It’s been said that Trump is a poor person’s idea of a rich person. Adelson could be thought of as Trump’s idea of a rich person. A family friend recalls Sheldon and Miriam’s two sons, who are now in college, getting picked up from school in stretch Hummer limousines and his home being so large it was stocked with Segway transporters to get around. A Las Vegas TV station found a few years ago that, amid a drought, Adelson’s palatial home a short drive from the Vegas Strip had used nearly 8 million gallons of water in a year, enough for 55 average homes. Adelson will rattle off his precise wealth based on the fluctuation of Las Vegas Sands’ share price, said his friend the New York investor Michael Steinhardt. “He’s very sensitive to his net worth,” Steinhardt said.
Trump entered the casino business several years before Adelson. In the early 1990s, both eyed Eilat in southern Israel as a potential casino site. Neither built there. Adelson “didn’t have a whole lot of respect for Trump when Trump was operating casinos. He was dismissive of Trump,” recalled one former Las Vegas Sands official. In an interview in the late ’90s, Adelson lumped Trump with Wynn: “Both of these gentlemen have very big egos,” Adelson said. “Well, the world doesn't really care about their egos.”
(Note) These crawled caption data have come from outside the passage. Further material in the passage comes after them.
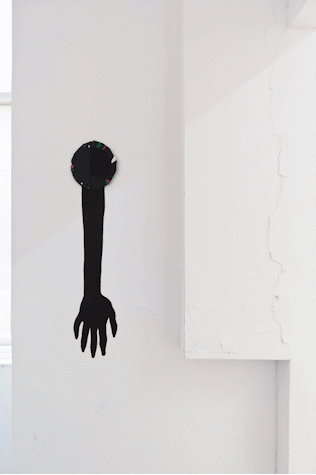 black fabric cut out of arm and hand
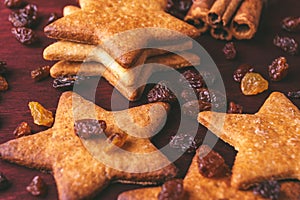 Close up of homemade ginger cookies in the shape of a star with raisins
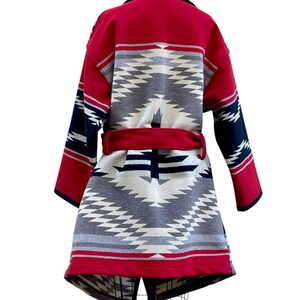 Puede incluir: Un abrigo de manga larga con un llamativo patr&oacute;n geom&eacute;trico en rojo, azul marino, gris y crema. La prenda incluye un cintur&oacute;n de tela roja a juego en la cintura, un cuello ancho y un dobladillo estructurado, exhibido sobre un maniqu&iacute;.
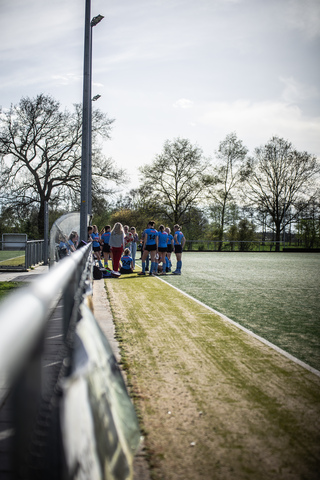 A group of people gather on a field near the starting line for a 2019 SMHC hockey game.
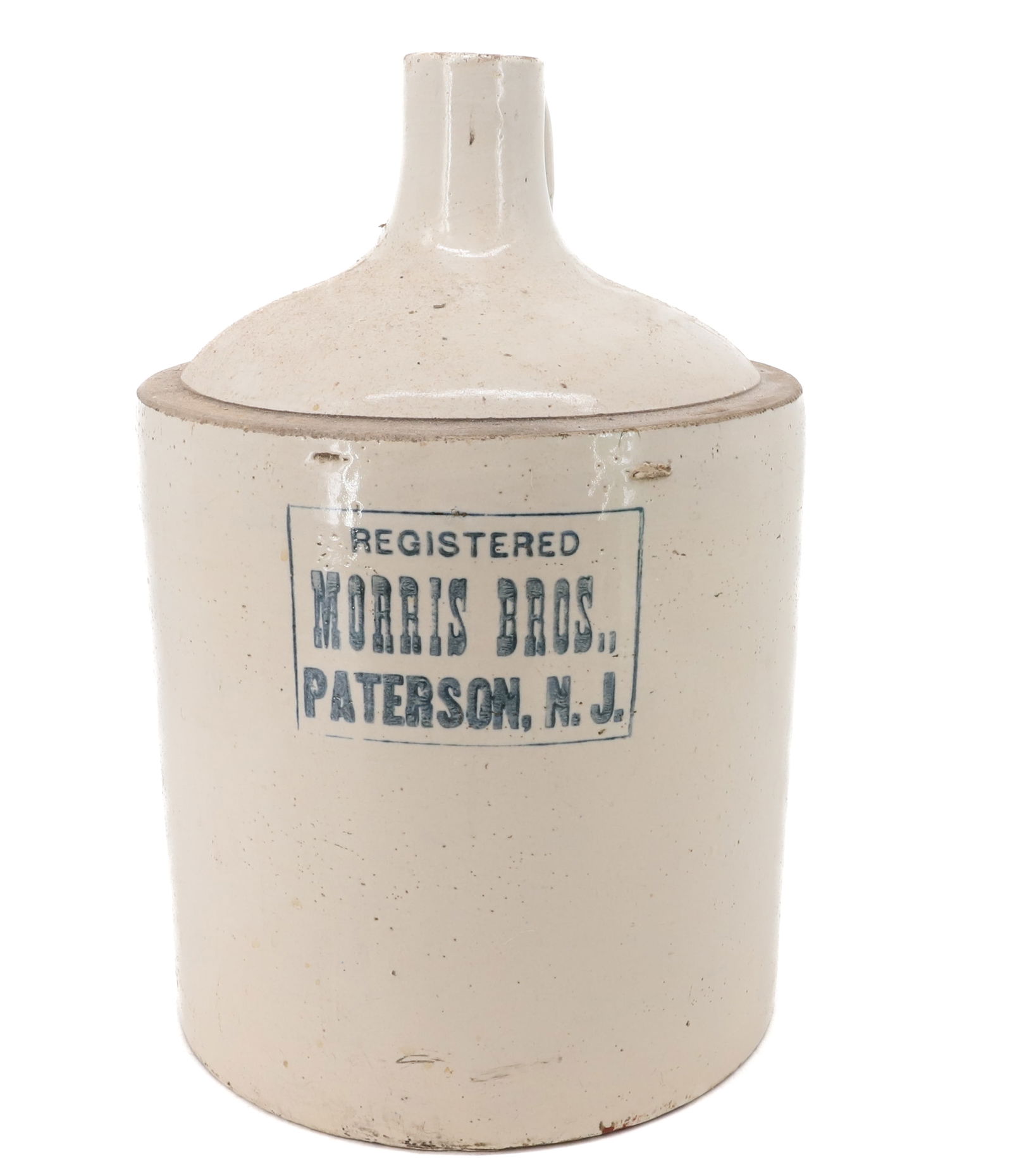 MORRIS BROS. STONEWARE ADVERTISING JUG: REGISTERED, PATERSON, N.J.. 13 3/4" H. PLEASE READ CAREFULLY - Terms for Purchasing and Shipping of Auction Items. Please read carefully before bidding. Hartzell’s Auction Gallery. Hartzell's Au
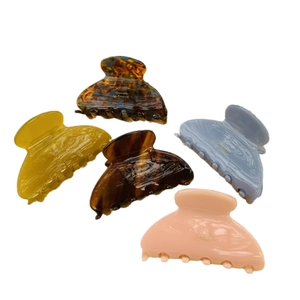Five-piece floral acetate hair claw set in amber, blue, and pink colors on white background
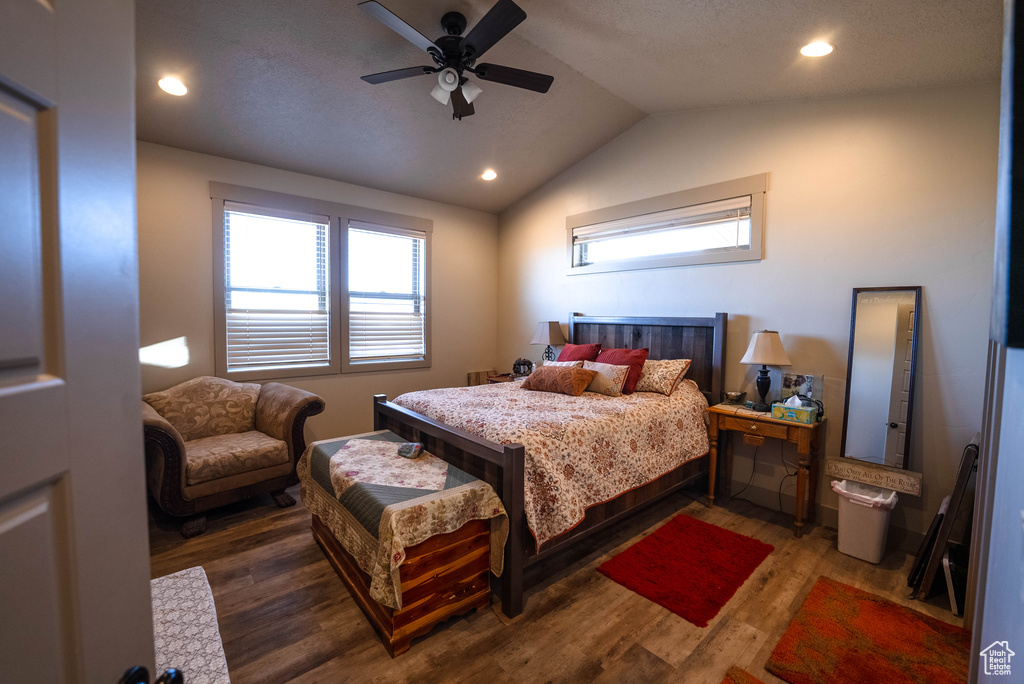 Bedroom with a ceiling fan, vaulted ceiling, recessed lighting, and wood finished floors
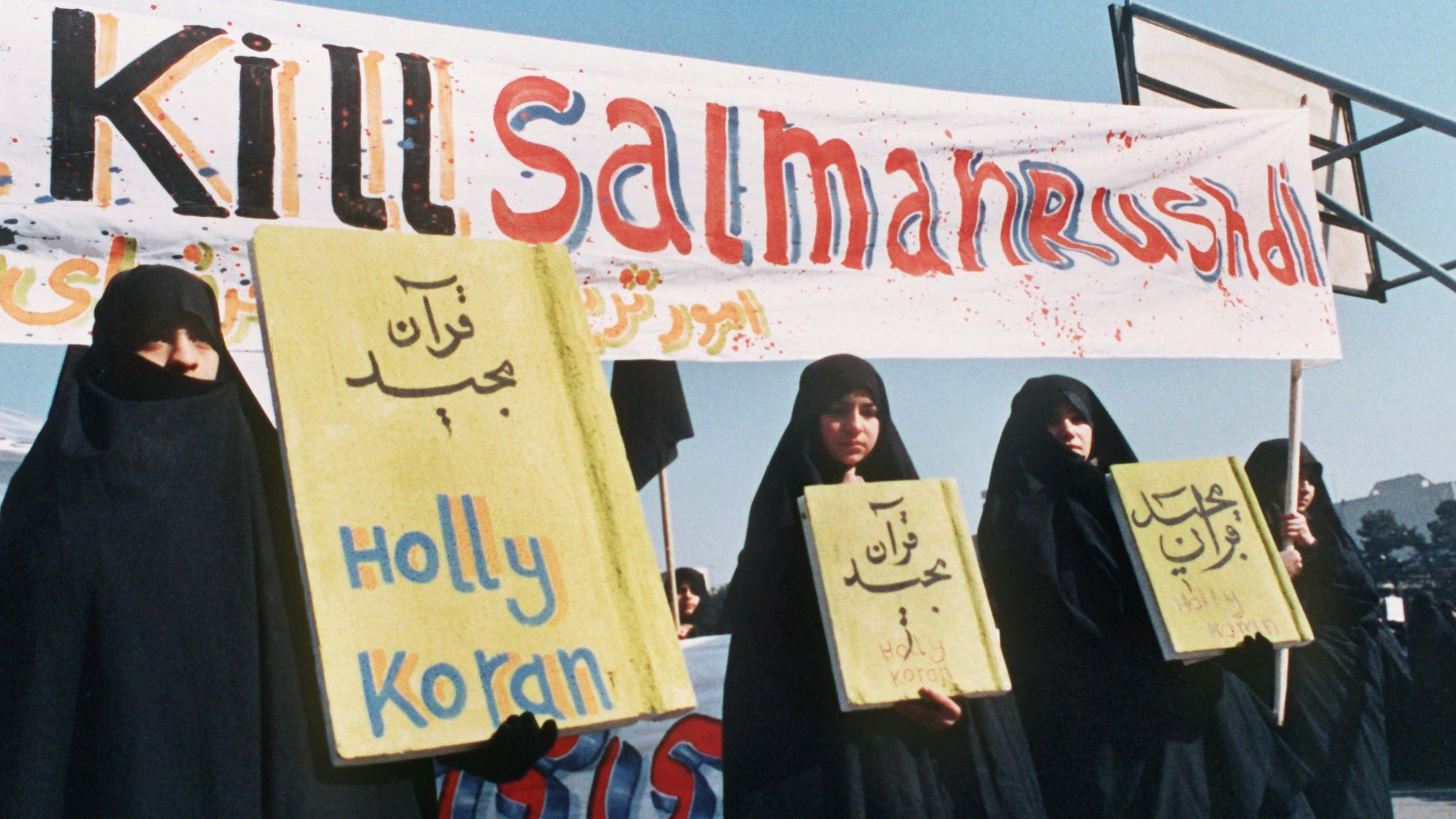 Kill Salman Rushdie ist auf einem Spruchband zu lesen, das iranische Frauen (Archivbild vom 17.2.1989) in Teheran bei einer Demonstration gegen den britischen Schriftsteller Salman Rushdie und sein Buch Satanische Verse mit sich führen. Der iranische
Today, in his rare public appearances, Adelson has a grandfatherly affect. He likes to refer to himself as “Self” (“I said to myself, ‘Self …’”). He makes Borscht Belt jokes about his short stature: “A friend of mine says, ‘You’re the tallest guy in the world.’ I said, ‘How do you figure that?’ He says, ‘When you stand on your wallet.’”
By the early 2000s, Adelson’s Las Vegas Sands had surpassed Trump’s casino operations. While Trump was getting bogged down in Atlantic City, Adelson’s properties thrived. When Macau opened up a local gambling monopoly, Adelson bested a crowded field that included Trump to win a license. Today, Macau accounts for more than half of Las Vegas Sands’ roughly $13 billion in annual revenue.
Trump’s casinos went bankrupt, and now he is out of the industry entirely. By the mid-2000s, Trump was playing the role of business tycoon on his reality show, “The Apprentice.” Meanwhile, Adelson aggressively expanded his empire in Macau and later in Singapore. His company’s Moshe Safdie-designed Marina Bay Sands property there, with its rooftop infinity pool, featured prominently in the recent hit movie “Crazy Rich Asians.”
While their business trajectories diverged, Adelson and Trump have long shared a willingness to sue critics, enemies and business associates. Multiple people said they were too afraid of lawsuits to speak on the record for this story. In 1989, after the Nevada Gaming Control Board conducted a background investigation of Adelson, it found he had already been personally involved in around 100 civil lawsuits, according to the book “License to Steal,” a history of the agency. That included matters as small as a $600 contractual dispute with a Boston hospital.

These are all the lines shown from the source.